Mais le peuple n’a pas la mémoire courte et il voua au régime une haine et une rancune farouches. L’épilogue sanglant de la Commune a décapité le mouvement libertaire français certes, mais pas les idées généreuses qu’il véhicula. En 1873, la bourgeoisie soucieuse de se donner bonne conscience fait voter une loi prévoyant la construction d’une basilique au sommet de la Butte. Cet édifice sera financé par une souscription nationale. L’érection du Sacré-Cœur sera réalisée entre 1876 et 1910. Sur ce monument, l’un des plus célèbres de Paris, et à l’esthétique contestée, tout semble avoir été dit. Mais s’agit-il uniquement d’une église banale, inspirée du style romano-byzantin de Saint-Front de Périgueux ? Les monuments sont ce qu’en font les constructeurs et non ce que souhaitent voir s’élever les décideurs. Or le Sacré-Cœur est un fantastique défi, planté en plein Montmartre, à l’église catholique et à cette bourgeoisie repue qu’elle sert si bien.
Mais pourquoi élever une église nommée Sacré-Cœur ? Pour comprendre, il nous faut revenir à l’année 1672. A cette époque, une religieuse visitandine de Paray-le-Monial, Marguerite-Marie Alacoque répandit la dévotion au Sacré-Cœur du Christ, à la suite d’une apparition dont elle aurait bénéficié. Ce culte devint public sous l’impulsion de Marie Leclzinska, en 1765. La France fut consacrée au Sacré-Cœur par Louis XVI, en 1792. Le symbole, un cœur surmonté d’une croix, en fut porté, cousu sur leur veste, par les Chouans.
L’érection du Sacré-Cœur sur la Butte Montmartre se fit à l’instigation d’une organisation connue sous le nom de Hiéron du Val d’Or de Paray-le-Monial. Le fondateur de cette organisation fut un jésuite, le Père Drevon, lequel prêchait le retour du Christ et son règne social. A ce premier fondateur vint se joindre un Basque espagnol, le baron de Sarachaga (1840-1918). Alexis de Sarachaga fonda le Musée-Bibliothèque de Paray-le- Monial avec l’aide du Baron Félix d’Alcantara, du Docteur Henri Favre et de sa fille Mme Bessonet-Favre. Ces deux dernières personnalités étaient membres des cercles ésotériques parisiens.

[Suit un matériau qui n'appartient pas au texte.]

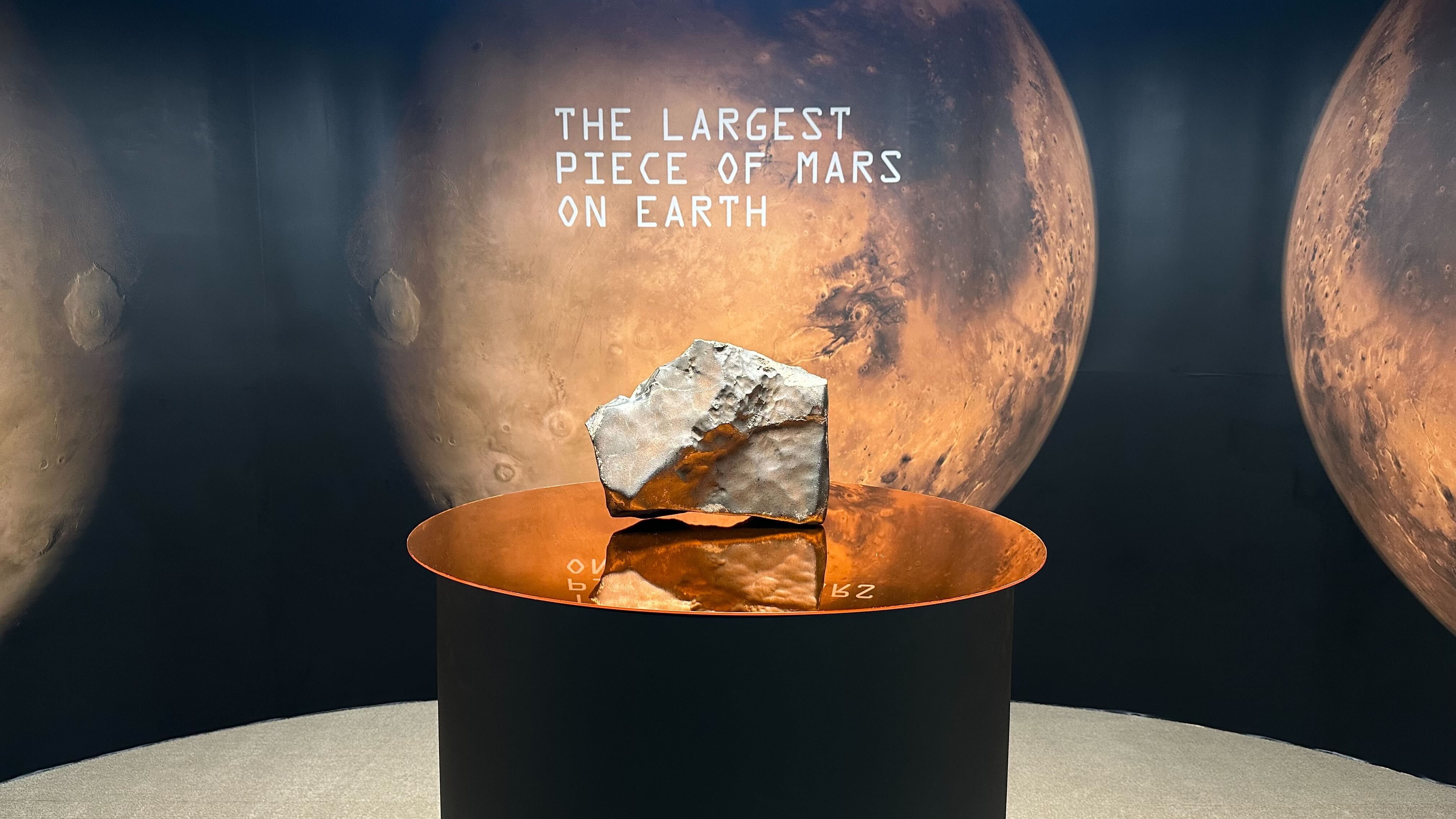 The largest Mars meteorite on Earth has sold for $5.3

Sous la direction du Baron de Sarachaga, le Hiéron adopta une ligne philosophique empreinte de la pensée gnostique et cette orientation explique l’étrange symbolisme de la basilique montmartroise. Il faut croire que les autorités ecclésiastiques n’en furent pas dupes car le baron, persécuté, fut contraint de se retirer à Marseille.
La dévotion au Sacré-Coeur n’était pas neuve, et déjà, dans l’antiquité, un culte lui était rendu, ainsi qu’en témoigne une amulette égyptienne conservée au musée de Rennes. L’image du cœur rayonnant est également omniprésente chez les Templiers, elle est visible dans les commanderies d’Angleterre et sur les murs du donjon de Chinon. Il s’agit d’un culte très ancien, celui du Cœur du ciel, autrement dit le Soleil. Par conséquent, du moins à l’origine, le mouvement de Paray-le-Monial n’était nullement inféodé au Vatican. Il se rattachait à la Gnose, à une connaissance de nature métaphysique et ésotérique, un courant souterrain qui traversa toutes les époques, et dont nous verrons qu’il eut de singuliers prolongements, à la fin du XIXème siècle, à Montmartre.

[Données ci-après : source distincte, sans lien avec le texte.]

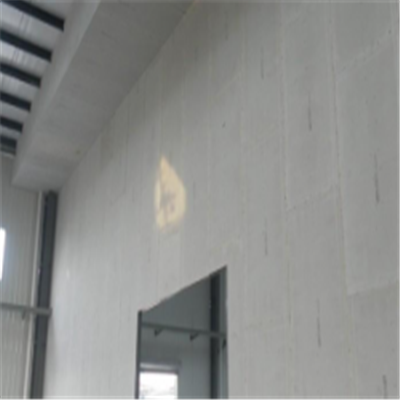 任丘新型建筑材料掺多种工业废渣的ALC|ACC|FPS模块板材轻质隔墙板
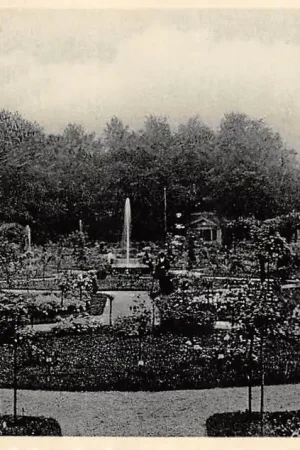 Utrecht Rosarium 1936 HC54166 Rabat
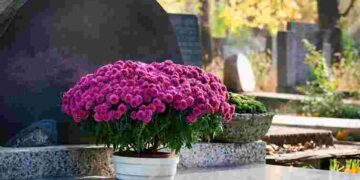Витримають і спеку, і мороз: які квіти найкраще посадити на кладовищі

Pendant que s’effectuaient les premiers travaux de construction de l’église montmartroise, Paris devint la capitale du plaisir. La population qui avait souffert des privations de la guerre de 1870, puis vécu le drame de la Commune, n’avait qu’un désir oublier. Après avoir pleuré, Paris se mit à chanter. On vit fleurir les cafés-concerts, et leurs rengaines insipides qui n’étaient pas toujours du meilleur goût. Paris s’étourdissait dans une fête permanente. Héritier des guinguettes et des goguettes – dont l’étymologie livre de troublantes informations sur lesquelles nous reviendrons un jour – le caf’conc’ devint un divertissement de masse et le reflet d’une société qui annonçait la société matérialiste du XXème siècle, avec sa course effrénée à la consommation et à la reconnaissance sociale. Parallèlement à ce phénomène, se développa le goût de l’affichisme, sous l’influence, notamment, de Jules Chéret. Les journaux proliférèrent, le spectacle devint une véritable industrie. Paris, ville Lumière, affectionna la vie noctambule.
Après la fièvre de liberté, Paris connut celle de l’ivresse que procure le plaisir. Qu’étaient devenus ces hommes et ces femmes qui avaient lutté pour une certaine idée qu’ils se faisaient de la démocratie, de la justice, de la fraternité et de l’égalité ? Le mouvement libertaire avait été décapité par le gouvernement de Versailles, ses figures de proue avaient été fusillées ou déportées. Néanmoins, les idées n’en continuaient pas moins de vivre. A l’étranger, en Angleterre, en Suisse, en Belgique, les théoriciens de l’Anarchie et certains activistes en exil travaillaient à ce vieux rêve en apparence inaccessible, d’une société idéale. Eux aussi rêvaient de lendemainschantants, mais paroles et musique étaient très différentes de celles dont résonnaient les temples parisiens du spectacle. Tel était le climat économique, social et philosophique de cette fin du XIXème siècle.
à suivre…
RICHARD KHAITZINE
Fin de la première partie dans le Fascicule N°62 de Janvier 1997.
Voici la suite :

LES MYSTERES DE MONTMARTRE
(deuxième partie)
« Cet étrange Sacré-Cœur qui sent le soufre »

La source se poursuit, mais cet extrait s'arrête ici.